Caregiver Burnout

The symptoms of schizophrenia include delusions, hallucinations, and disorganized behavior. These symptoms interfere with work, self-care, and interpersonal relationships for an extended period. Watching your loved one deal with schizophrenia can be draining along with the physical requirements needed each day. Caregiver burnout is real, and if left unchecked, it can be detrimental not only to the person themselves but also to the ones they swore to protect. 

Symptoms of Caregiver Burnout

Informal (unpaid) caregiver burnout is a state of emotional, mental, and physical exhaustion. Symptoms of burnout mirror those of depression and stress.
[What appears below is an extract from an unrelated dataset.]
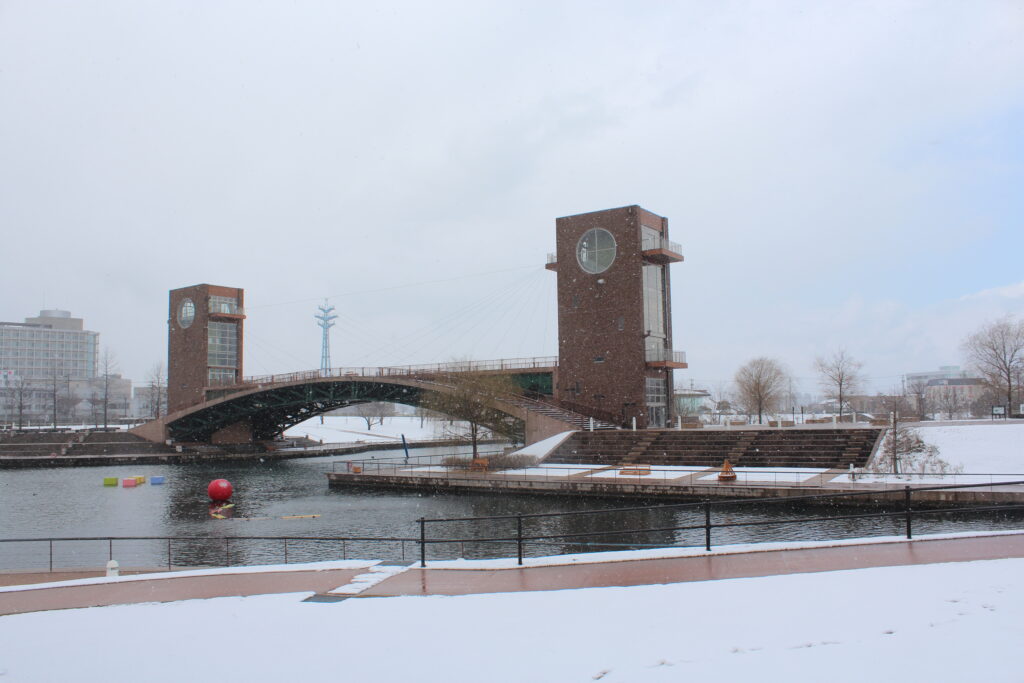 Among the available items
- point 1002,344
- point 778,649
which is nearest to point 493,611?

Caregiver burnout symptoms include:

  • Withdrawal from friends, family, and other loved ones
  • Loss of interest in activities previously enjoyed
  • Feeling blue, irritable, hopeless and helpless
  • Changes in appetite, weight or both
  • Feelings of wanting to hurt yourself or the person for whom you are caring
  • Emotional and physical exhaustion

What Causes Caregiver Burnout?

Burnout can result when caregivers don’t get the help they need or take on more than they are physically and financially able to handle. Caregivers spend so much time caring for their loved ones, they forget to take care of themselves. Most caregivers also feel guilty if they devote time to themselves versus their loved ones. Other factors include:

  • Role Confusion– Many have difficulty separating their role as caregivers from their role as spouses, children, friends, or other close relationships. 
  • Unrealistic Expectations– A caregiver expects their involvement to impact the patient’s health and happiness positively, and that may be unrealistic in some cases of progressive diseases. 
  • Lack of Control– Lack of money and resources to effectively plan and manage their loved one’s care. 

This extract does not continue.